#Williams'ın Kızı

28 2 4
                                    

 "Aslında belki tanıyorsundur. Adı Kerry." dediğinde yüzümden gülümsemem silindi ve yutkundum. Birden yüzümün değiştiğini görünce onun da yüzündeki gülümsemesi silindi.

 "Bir dakika. Hey, buna gülmen gerekiyordu. Sorun ne?" dediğinde

 "Kerry mi?" diye sordum. Kerry diye biri yoktu.

"Hey, bir saniye. Senin ikinci adın Kerry değil miydi?" diye sorduğunda keskin ve net bir şekilde cevapladım.

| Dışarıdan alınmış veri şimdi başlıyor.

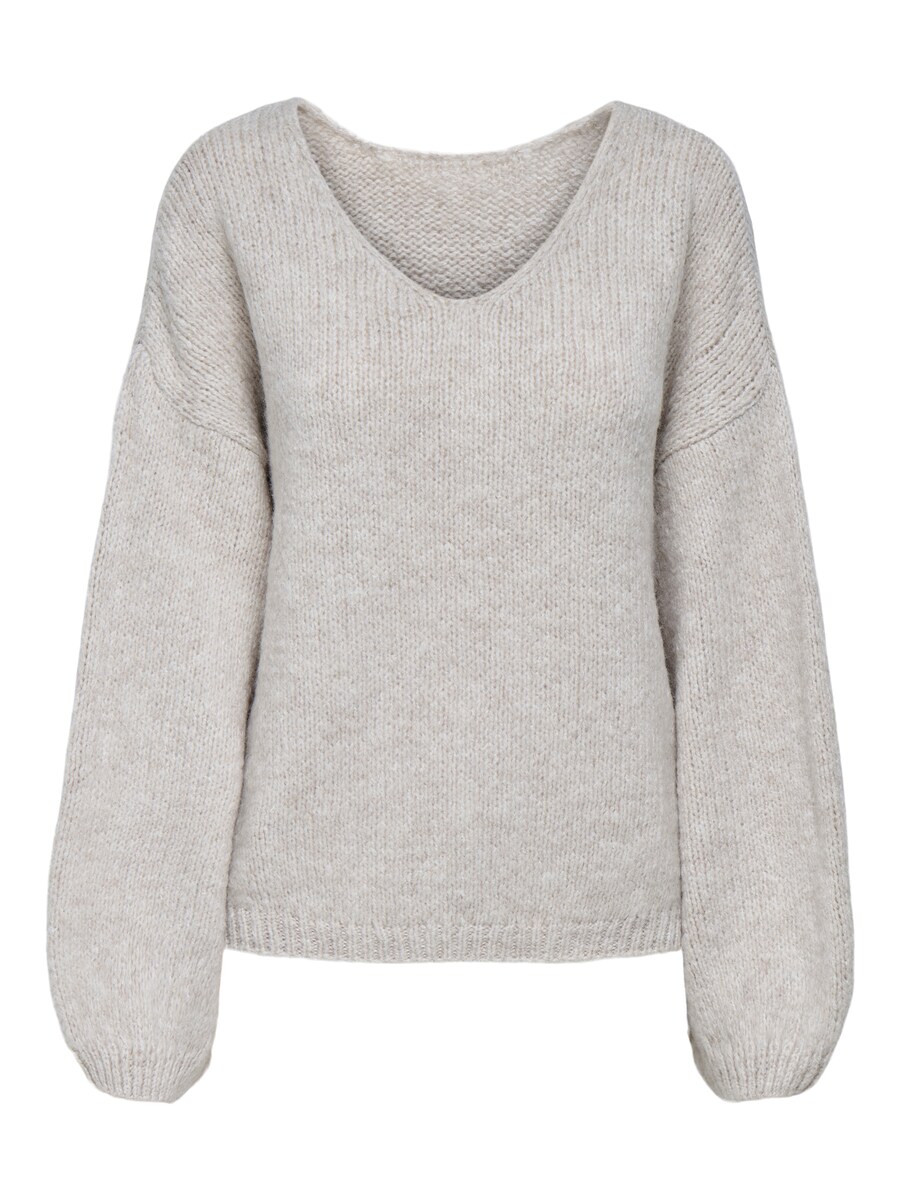 Свитер JDY JDYDinea, светло-серый
Свитер JDY JDYDinea, светло-серый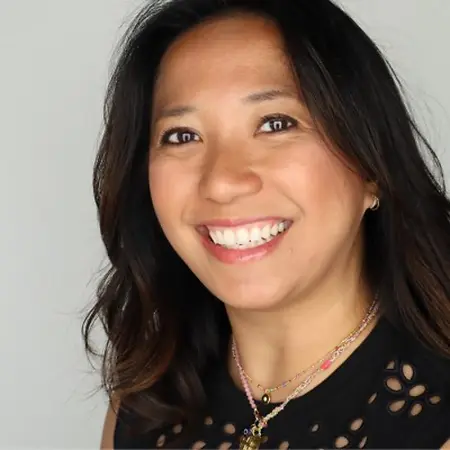 Katrina Meckes, Development Director, Peer to Peer on Influential Women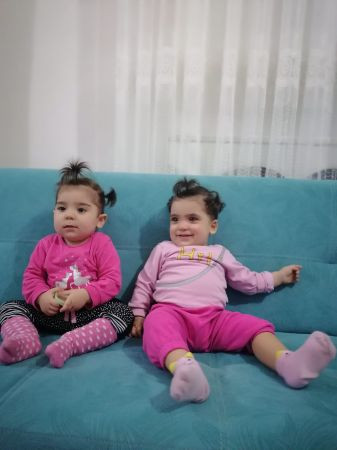 Eşini kaybetti, ikizleri ölümden döndü, Yıllardır tazminat mücadelesi sürdürüyor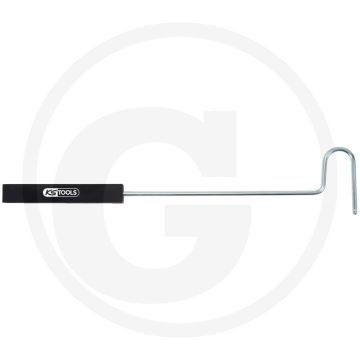 KS Tools Demontagehevel, 600 mm (600 mm)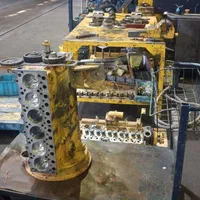 تعمیرات تخصصی لیفتراک و ماشین آلات راهسازی|خدمات موتور و ماشین|اراک, |دیوار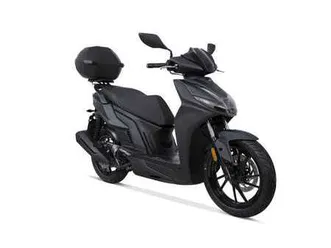 kymco agility s 125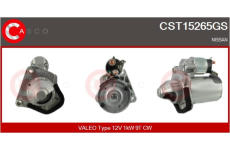 Startér CASCO CST40183GS
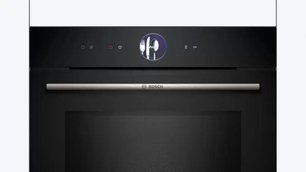 Духовой шкаф Бош HMG776NB1 фото 2 в Краснодаре Духовой шкаф Bosch HMG776NB1 фото 2 в Краснодаре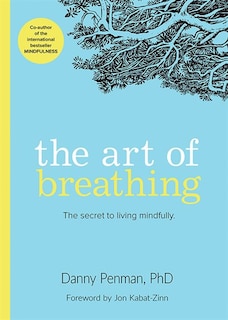 Couverture_The Art Of Breathing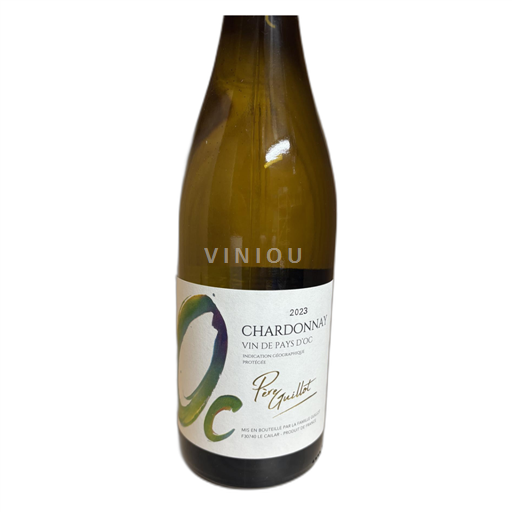 Languedoc No especificado Père Guillot 2023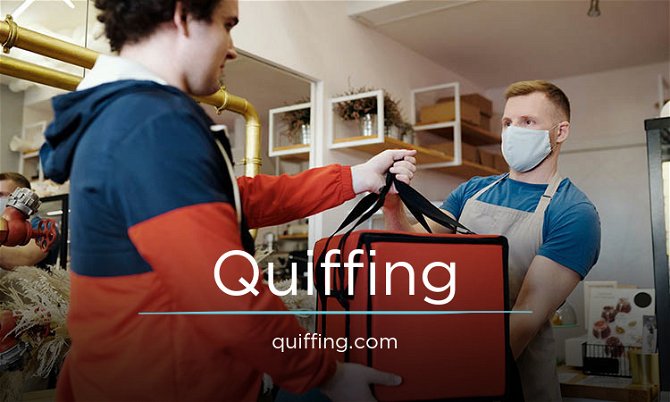 Quiffing.com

"Hayır." kaşlarını kaldırdı ve

"Ah, niyeyse öyle hatırlıyorum. Boşversene, akşama ne giyeceğini düşündün mü sen?" diye sordu. Kesinlikle konuyu değiştiremiyordu. Söyleyecek başka bir şey aklına gelmemiş miydi? Omuz silktim ve

"Eve gidince bir şeyler bulurum üzerime." dedim ve o sırada kapı açıldı ve içeriye doktor girdi. Ah kimdi? De Luca mıydı? Ayak ucumda dikildi ve elindeki dosyayı kapatıp gülümseyerek bana baktı.

"Size iyi haberlerim var Bayan Williams. Tahlillerinizin sonuçları geldi ve tansiyonunuzun bu denli düşmesinin herhangi bir hastalığın belirtisi olmadığını gördük. İşlemleri hallettikten sonra çıkabilirsiniz. Geçmiş olsun." dedi ve tekrar gülümsedikten sonra çıktı. Andrea da ayaklandığında ona döndüm.

"O zaman ben işlemleri halledip geliyorum. Sana da bir hemşire çağırırım." dediğinde başımı salladım ve oda odadan çıktı. Bir kaç dakika sonra hemşire geldiğinde kolumdaki serumu ve iğneyi çıkardı ve geçmiş olsun dileyerek çıktı. Bende yataktan kalktım ve dolanıp komidinden telefonumu aldım. Telefonumu cebime koyduktan sonra çekmecedeki Chris'in ve benim arabamın anahtarlarını alıp çekmeceyi kapattım. Mesaj geldiğinde telefonumu cebimden çıkardım ve mesaja baktım. Britney atmıştı.

"İyi misin bebeğim? Neden beni aramadın? Chris yerine ben olsaydım her şey daha kolay olurdu."

"İyiyim Britney. Teşekkür ederim. Zaten şimdi hastaneden çıkıyorum. Mark'a da söylersin." yazdım ve gönderdim. Tekrar cebime koyduğum sırada Andrea odaya girdi ve

"Gidelim mi hazırsan?" diye sordu. Başımı salladım ve onun arkasından kapıya yöneldim. Tekrar mesaj geldiğinde telefonumu çıkardım ve mesaja baktım.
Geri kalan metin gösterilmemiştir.